Scientists release personal data for 70,000 OkCupid profiles (updated)

Though publicly available on individual profiles, the data was collected without permission from either the users or the dating site.

girafchick123/Getty Images

A group of Danish researchers scraped data from 70,000 OkCupid profiles, packaged it in a data set, and released it on the internet. While the profiles are technically public, collecting personal information on such a massive scale without getting consent from either OkCupid or the users themselves is at the very least a breach of social science ethics, experts say.

The researchers, Emil Kirkegaard and Julius Daugbjerg Bjerrekær, used software to automatically scrape profiles and then uploaded it in a set onto the Open Science Framework, a forum and repository for scientists to share data. The info is only slightly anonymous: While no real names are used, usernames are connected with location and answers to the litany of personal questions OkCupid uses to find compatibility. Some of these, like political leanings or feelings about homosexuality, are quite private.
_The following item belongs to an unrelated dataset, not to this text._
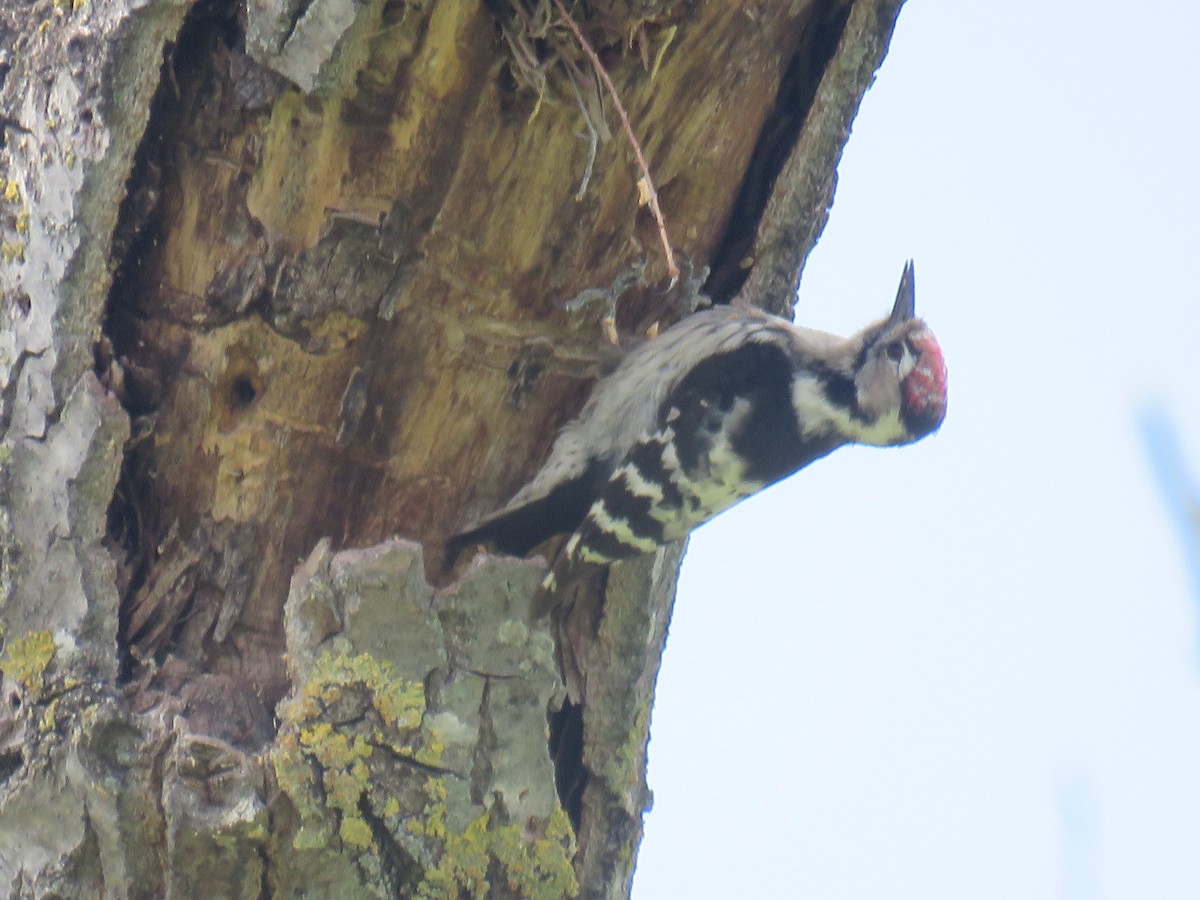 Lesser Spotted Woodpecker - ML619182527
As Kirkegaard repeatedly stated on Twitter, the data was indeed publicly available, but the scraping violates the dating site's terms and a possible legal matter, an OkCupid spokesperson told Vox. And, as Vox points out, it's also a breach of ethics according to the American Psychological Association, which states that people involved in research studies have the right to consent. Even Aarhus University in Denmark, where Kirkegaard is a student, publicly distanced itself from him and noted that the profile data was not collected on behalf of the university.

OkCupid isn't a stranger to mining its users for data and publishing observations on its now-defunct OkTrends blog, but there are crucial differences. For one, the posts are summaries, not massive data sets with identifiable information. Second, and more importantly, OkCupid users give consent when signing up for the dating site to mine their profiles and activity.

Update: The article previously mentioned a third researcher named in the paper, who was listed as a contributor for creating the scraping software years ago. This person claims not to have been involved with the research whatsoever and was included in the paper without their knowledge.